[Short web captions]
((
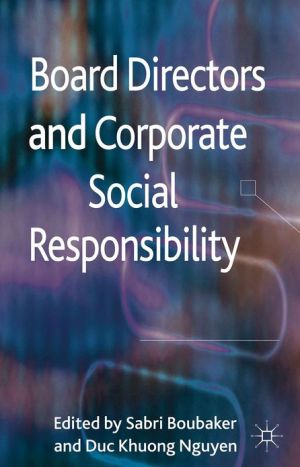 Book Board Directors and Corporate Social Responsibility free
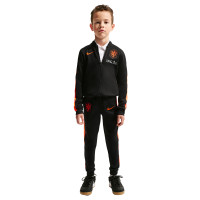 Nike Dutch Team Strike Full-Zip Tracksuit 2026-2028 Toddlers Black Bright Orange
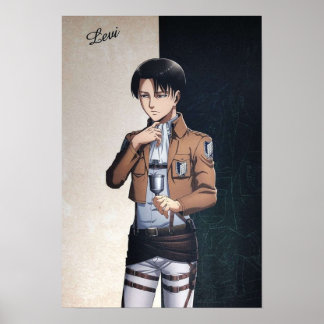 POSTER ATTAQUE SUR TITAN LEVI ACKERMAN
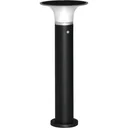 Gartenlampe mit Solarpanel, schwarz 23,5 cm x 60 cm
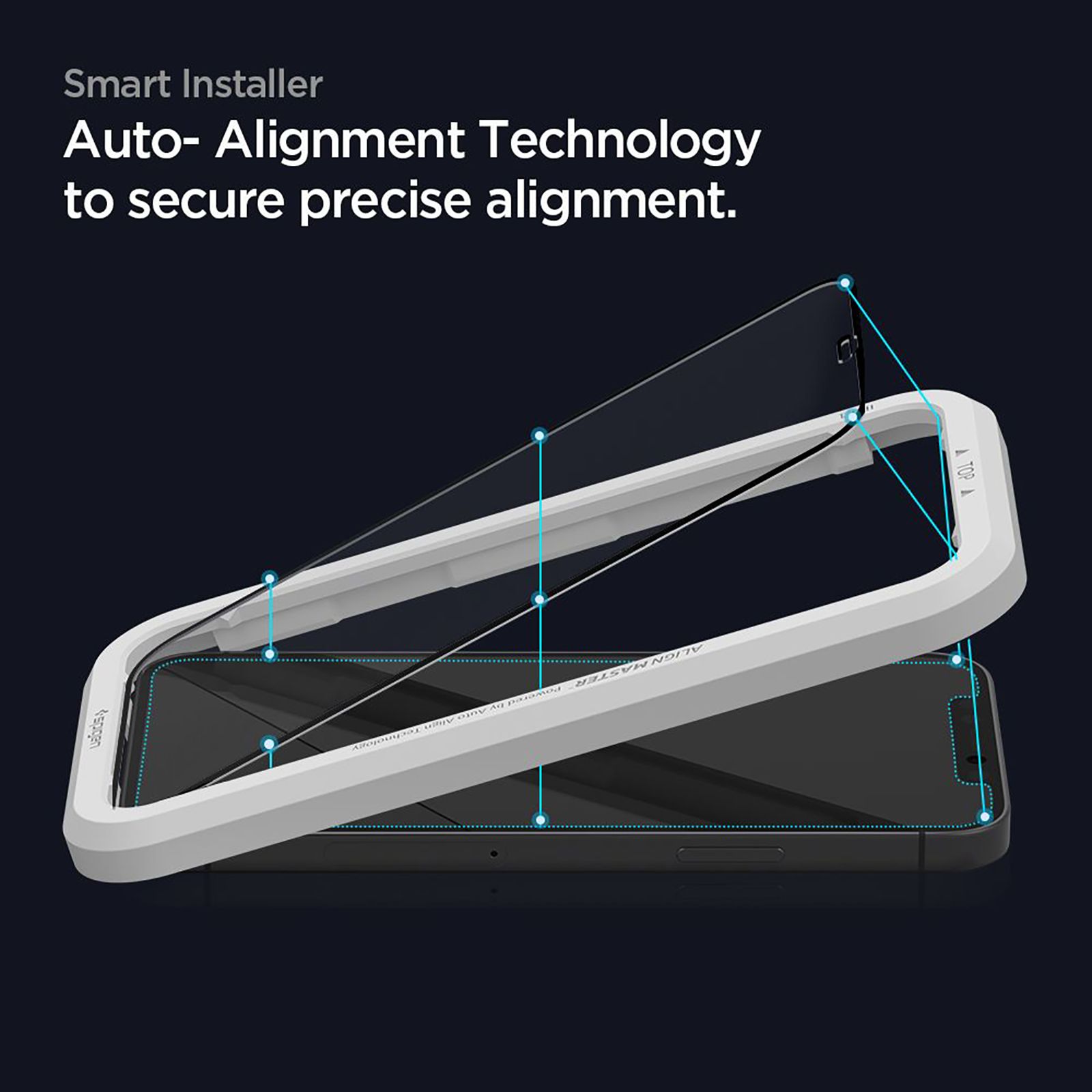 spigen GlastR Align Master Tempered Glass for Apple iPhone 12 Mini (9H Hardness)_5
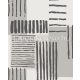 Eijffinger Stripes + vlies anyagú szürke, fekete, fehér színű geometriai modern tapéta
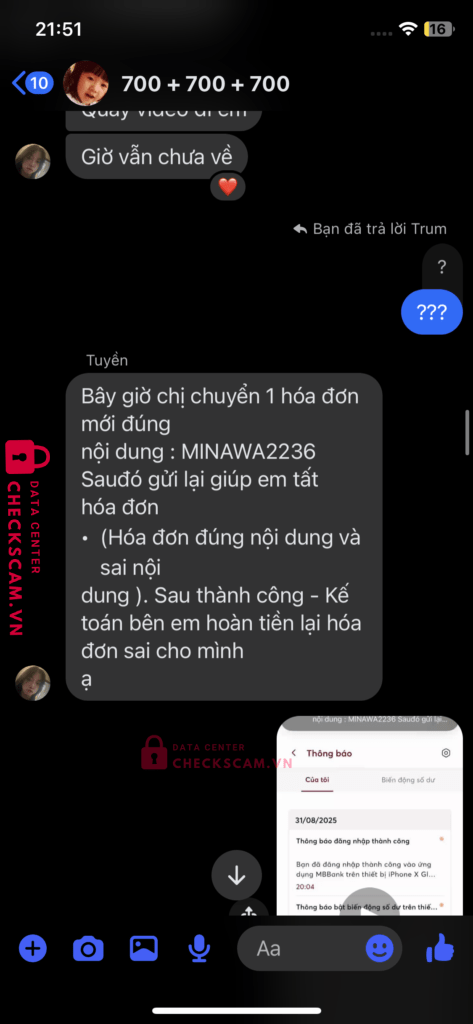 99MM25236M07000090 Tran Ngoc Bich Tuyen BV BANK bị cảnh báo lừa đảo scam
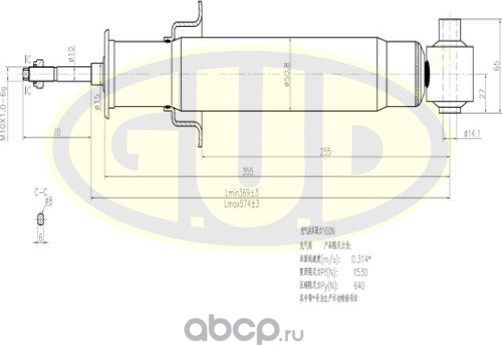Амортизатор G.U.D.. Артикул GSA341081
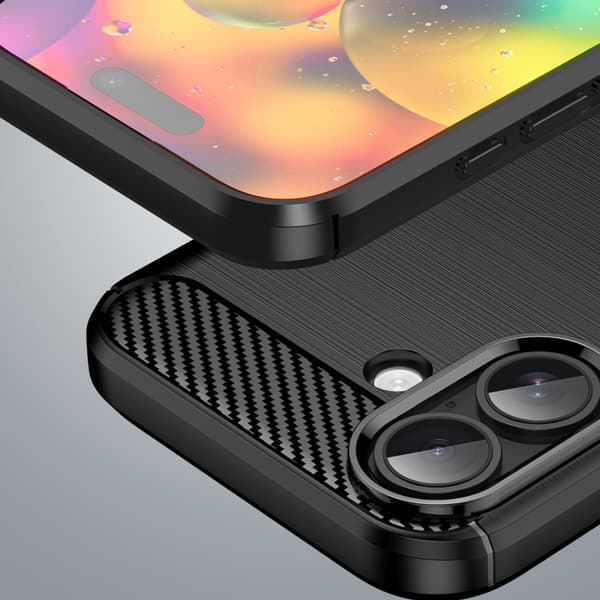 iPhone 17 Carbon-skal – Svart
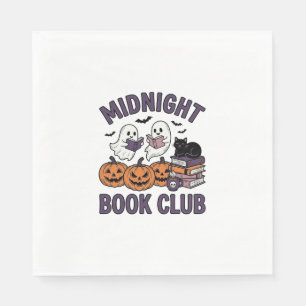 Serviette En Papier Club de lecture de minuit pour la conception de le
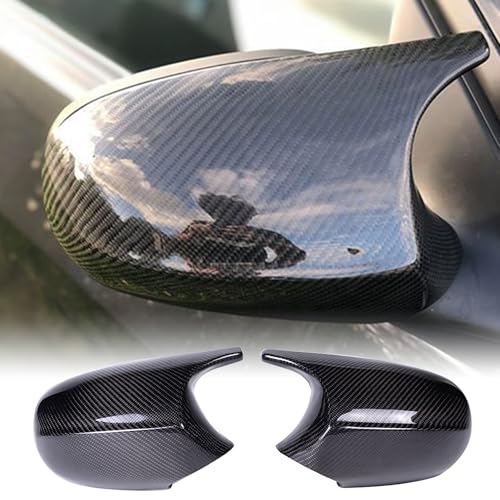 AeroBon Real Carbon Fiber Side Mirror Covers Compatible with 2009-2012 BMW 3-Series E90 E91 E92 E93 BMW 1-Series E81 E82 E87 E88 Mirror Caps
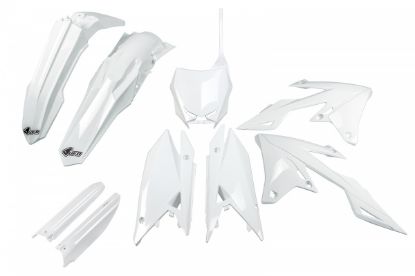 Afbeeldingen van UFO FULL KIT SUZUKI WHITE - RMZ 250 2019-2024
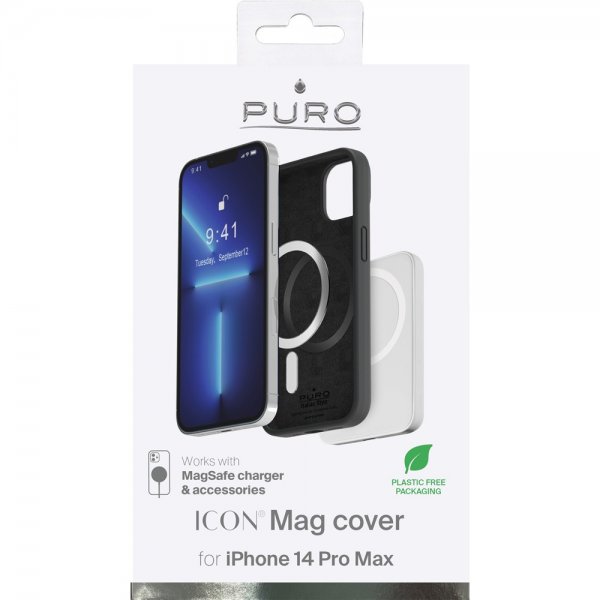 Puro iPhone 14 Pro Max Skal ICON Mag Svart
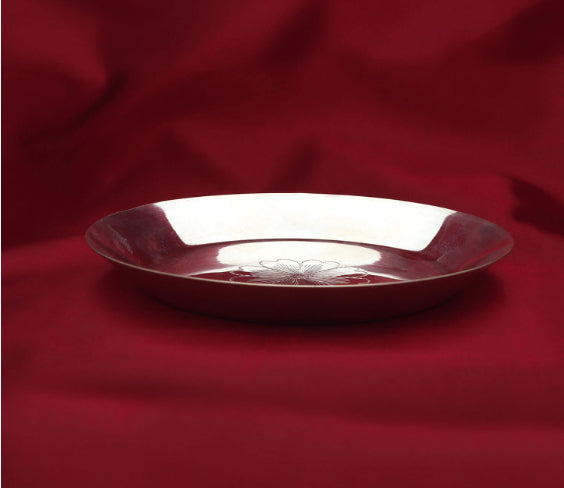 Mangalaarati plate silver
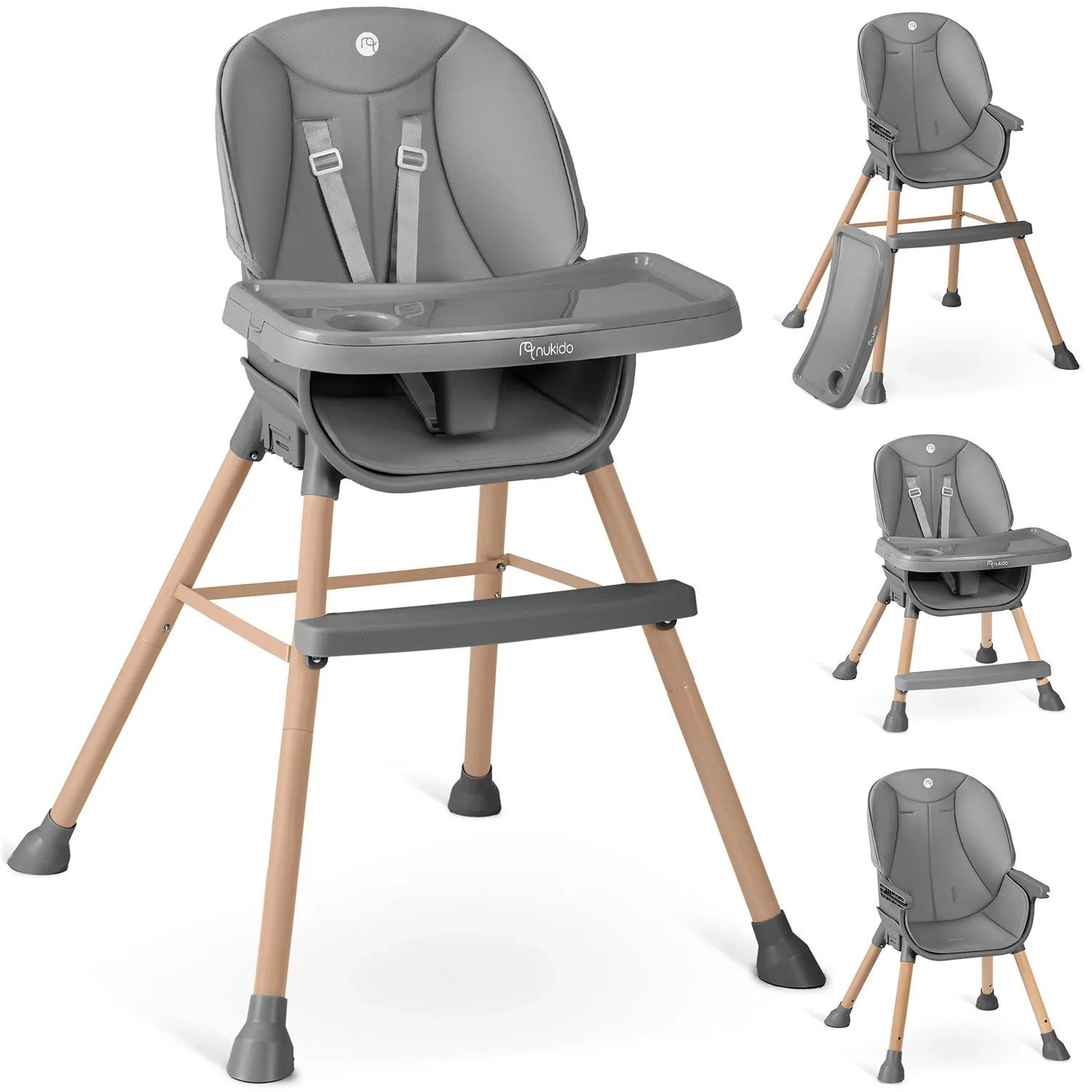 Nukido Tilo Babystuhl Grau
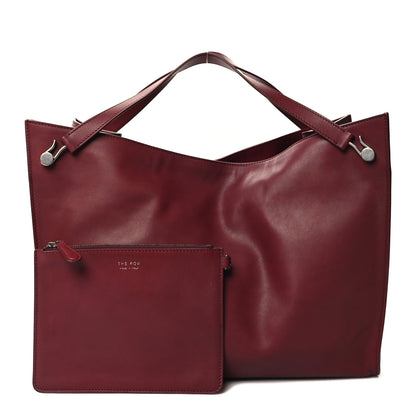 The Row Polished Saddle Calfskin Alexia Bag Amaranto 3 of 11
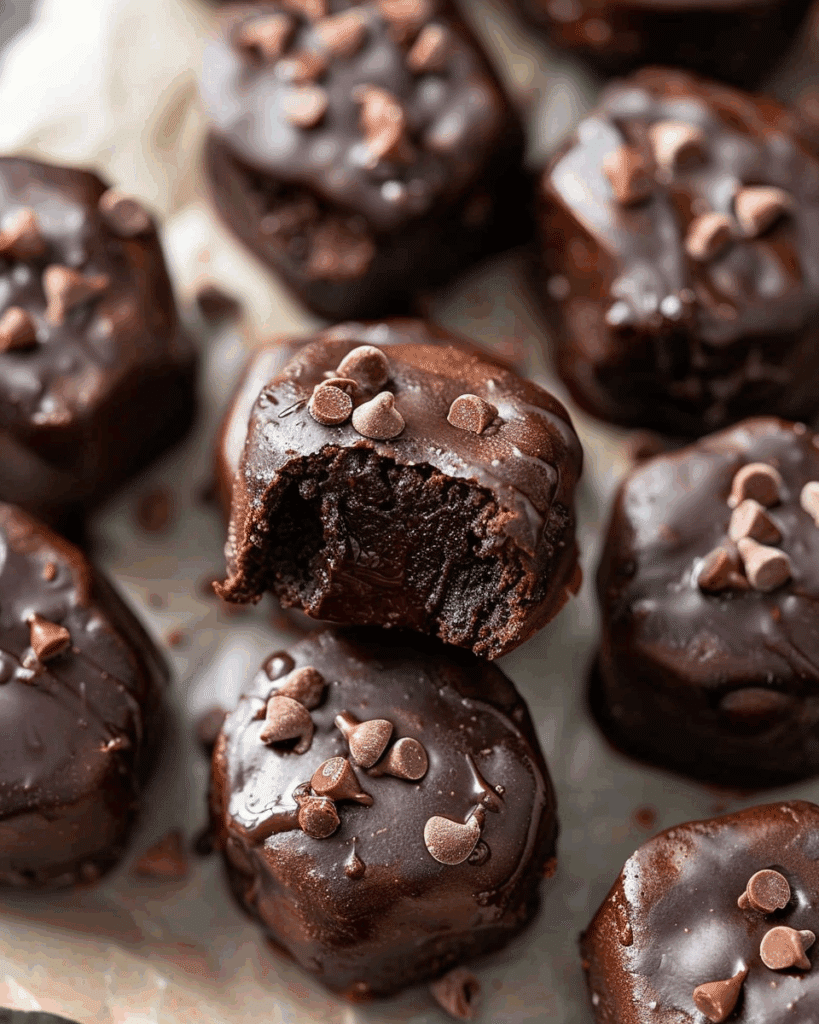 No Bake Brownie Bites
))
Set down the entries word for word, omitting all pictures.

** Your response **
 Book Board Directors and Corporate Social Responsibility free
 Nike Dutch Team Strike Full-Zip Tracksuit 2026-2028 Toddlers Black Bright Orange
 POSTER ATTAQUE SUR TITAN LEVI ACKERMAN
 Gartenlampe mit Solarpanel, schwarz 23,5 cm x 60 cm
 spigen GlastR Align Master Tempered Glass for Apple iPhone 12 Mini (9H Hardness)_5
 Eijffinger Stripes + vlies anyagú szürke, fekete, fehér színű geometriai modern tapéta
 99MM25236M07000090 Tran Ngoc Bich Tuyen BV BANK bị cảnh báo lừa đảo scam
Амортизатор G.U.D.. Артикул GSA341081
 iPhone 17 Carbon-skal – Svart
 Serviette En Papier Club de lecture de minuit pour la conception de le
 AeroBon Real Carbon Fiber Side Mirror Covers Compatible with 2009-2012 BMW 3-Series E90 E91 E92 E93 BMW 1-Series E81 E82 E87 E88 Mirror Caps
 Afbeeldingen van UFO FULL KIT SUZUKI WHITE - RMZ 250 2019-2024
 Puro iPhone 14 Pro Max Skal ICON Mag Svart
 Mangalaarati plate silver
 Nukido Tilo Babystuhl Grau
 The Row Polished Saddle Calfskin Alexia Bag Amaranto 3 of 11
 No Bake Brownie Bites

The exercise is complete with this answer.